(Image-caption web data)
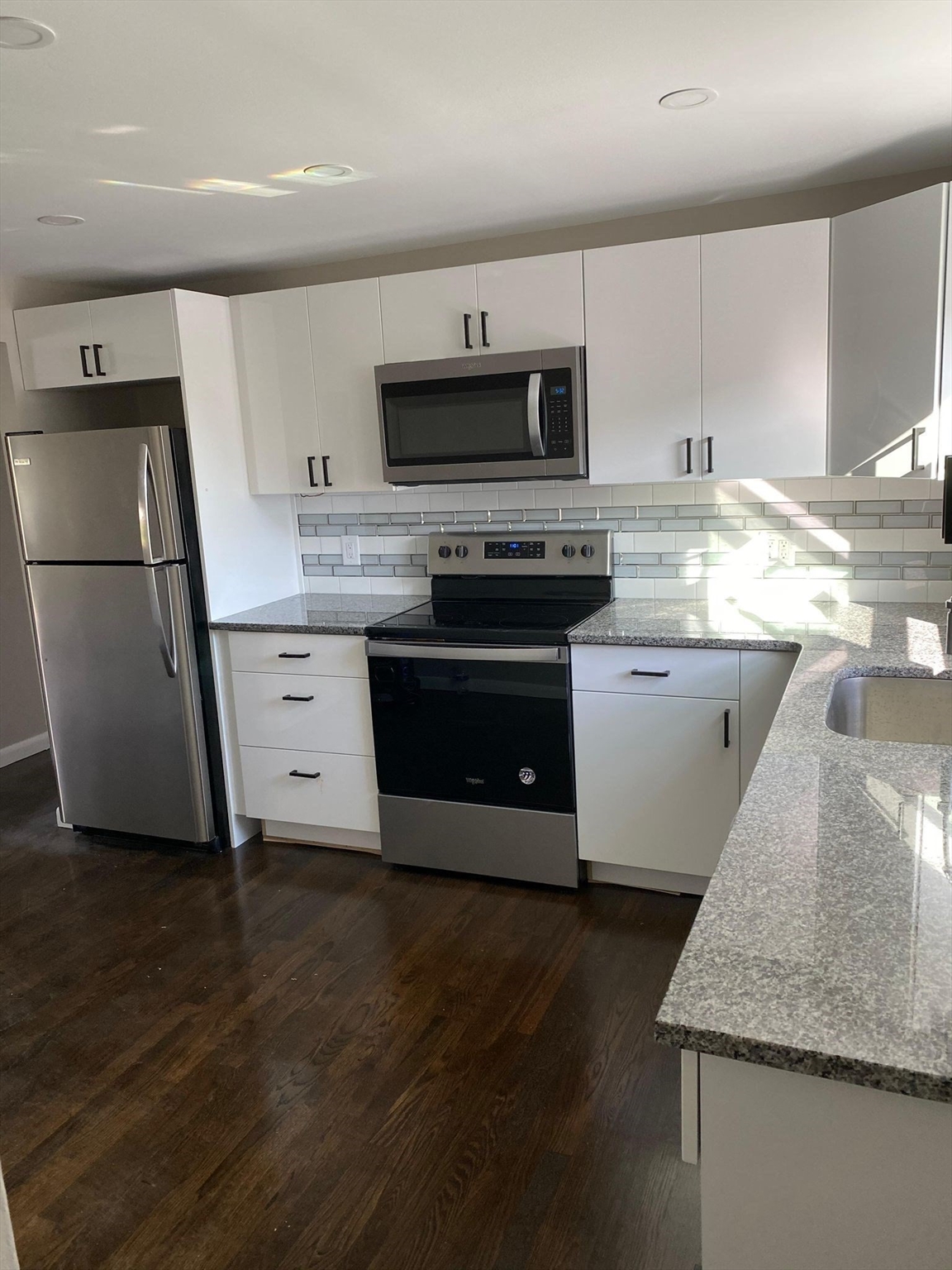 Revere, Massachusetts, 02151, United States, 6 Bedrooms Bedrooms, ,3 BathroomsBathrooms,Residential,For Sale,1898078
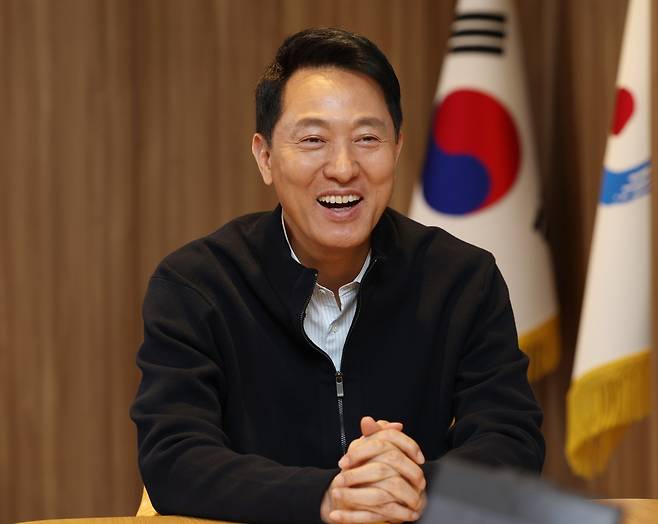 연합뉴스와 인터뷰하는 오세훈 서울시장 (서울=연합뉴스) 서명곤 기자 = 오세훈 서울시장이 26일 서울시청 집무실에서 연합뉴스와 인터뷰하고 있다. 2026. 3. 30 seephoto@yna.co.kr (끝)
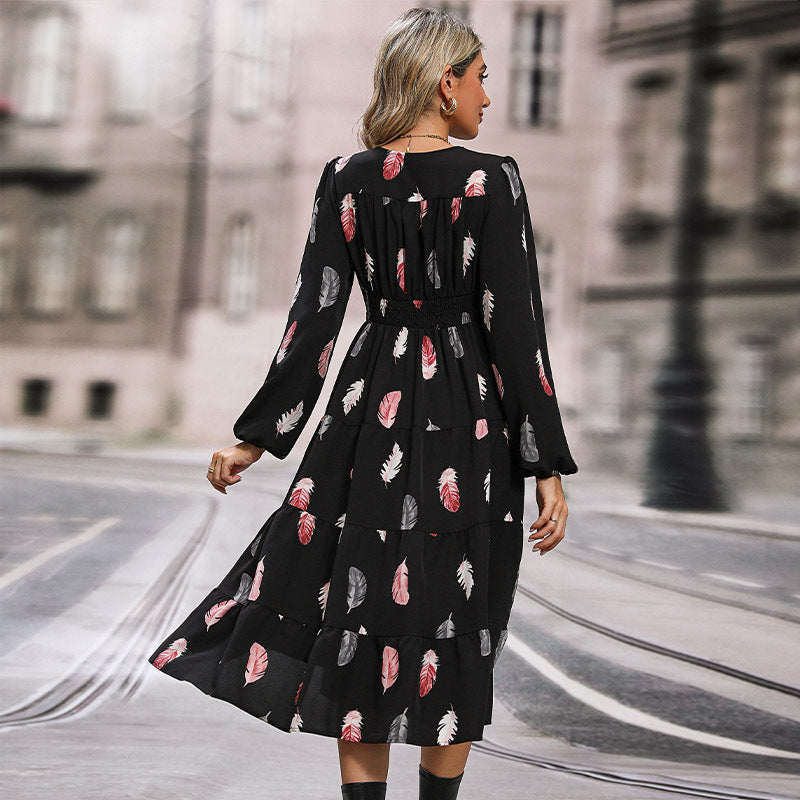Damen Langarm Maxikleid mit tropischem Federdesign und Knopfdetails Drune
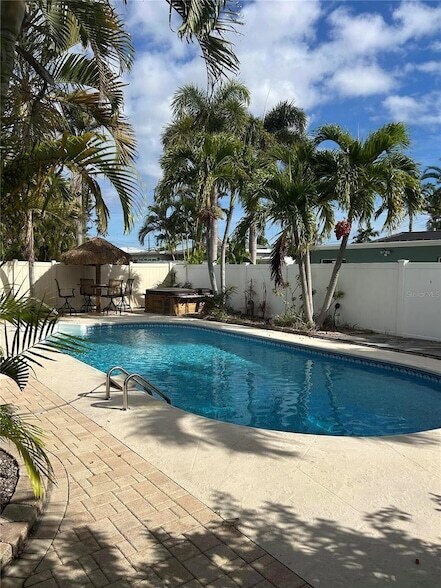 Building Photo - 717 Sunset Cove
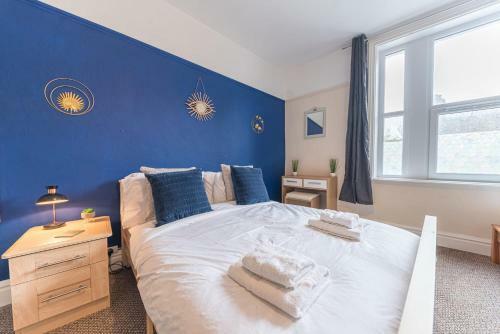 Central Location 5 Private Ensuite Bedrooms Great For Work Or Play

Work order: Output nothing but the records above, word for word, with the pictures removed.

Exercise result:
 Revere, Massachusetts, 02151, United States, 6 Bedrooms Bedrooms, ,3 BathroomsBathrooms,Residential,For Sale,1898078
 연합뉴스와 인터뷰하는 오세훈 서울시장 (서울=연합뉴스) 서명곤 기자 = 오세훈 서울시장이 26일 서울시청 집무실에서 연합뉴스와 인터뷰하고 있다. 2026. 3. 30 seephoto@yna.co.kr (끝)
Damen Langarm Maxikleid mit tropischem Federdesign und Knopfdetails Drune
 Building Photo - 717 Sunset Cove
 Central Location 5 Private Ensuite Bedrooms Great For Work Or Play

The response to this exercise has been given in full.